SCA has hauled me determinedly out of my comfort zone and term hasn’t even started yet. Having lived in England my entire life, I have naturalised a British guardedness and awkwardness; with it came a (mostly) mild social anxiety. The French, incidentally, having no word for awkwardness cannot access the particular experience that the word captures, but that is beside the point. Despite my being shy and self-conscious, historically terrified of making doctor’s appointments because that involved a phone call to an unfamiliar person, reluctant generally to speak to strangers and nursing a particular distaste for public speaking or exposure, SCA has pushed me to shower half naked whilst singing in front of a room full of people and subsequently to go out on the streets dressed as a wizard asking hundreds of people if they wanted to time travel for free. The scholarship competition did nothing but throw me into the deep end, forcing me to do things I didn’t know how to do as I strived to build a time machine – I upholstered a chair, I handled a glue gun, I made a spinning wheel out of a pizza dish – but most pertinently, it encouraged me to be ridiculous, to go out with my absurd time machine wearing my dad’s pyjamas, a wizard hat and a fake beard as I stood getting rejected over and over again for days. And I loved it – it was invigorating. I wasn’t afraid of people anymore and I wasn’t afraid of failing or looking like an idiot, nor was I afraid of rejection; I didn’t feel hurt by the people who ignored me or told me to fuck off.

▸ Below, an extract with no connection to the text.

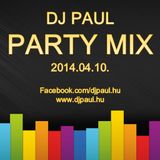 Dj. Paul - Party Mix 2014.04.11.
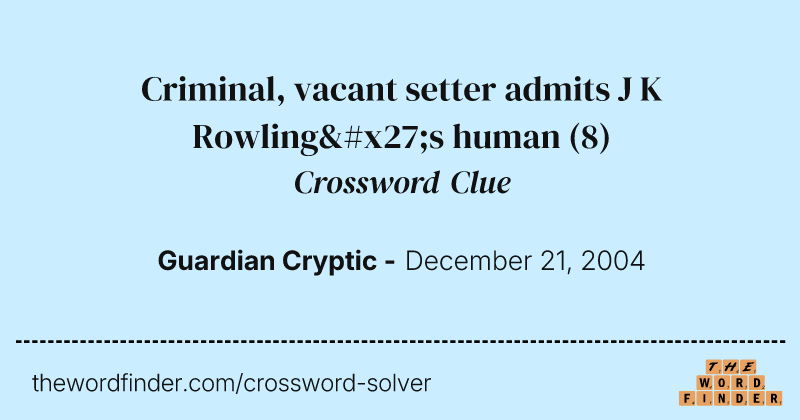 Criminal, vacant setter admits J K Rowling's human crossword clue image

And every time somebody sat on my chair and tried but failed to travel back in time, something spectacular happened. Each person brought his or her particular value to the chair. In asking people where in their lifetimes they would like to travel back in time and what they would change, I shared a moment them as they shared a moment with themselves, one which they let me turn into something I could then share with more people. And even the moments that happened off camera, many of which were actually the most powerful, allowed me to share with complete strangers certain intensities, their admissions and painful memories, their anger and resentment or simply their fond memories, their silly misadventures. When a homeless man screamed at me that my chair couldn’t revive the prison guard he had accidentally killed, telling me repeatedly to fuck off whilst breaking down, reprocessing the experience through a mix of dejection and an aggression directed cathartically at me, I wasn’t afraid. My chair couldn’t help him (although I would rather hopefully like to believe that it did allow many people to self-scrutinize, to reprocess experiences and to reconnect with themselves and with others) but people were no longer intimidating to me; they were full of stories and regrets, they were beautiful and funny and multifarious, accumulations of past narratives, of failures, wounds and rejections that my guardedness had previously clouded. By pushing myself to stop them to talk and to in turn push them to open themselves up, I found a newly vitalized love for the mass of strangers that I used to find threatening.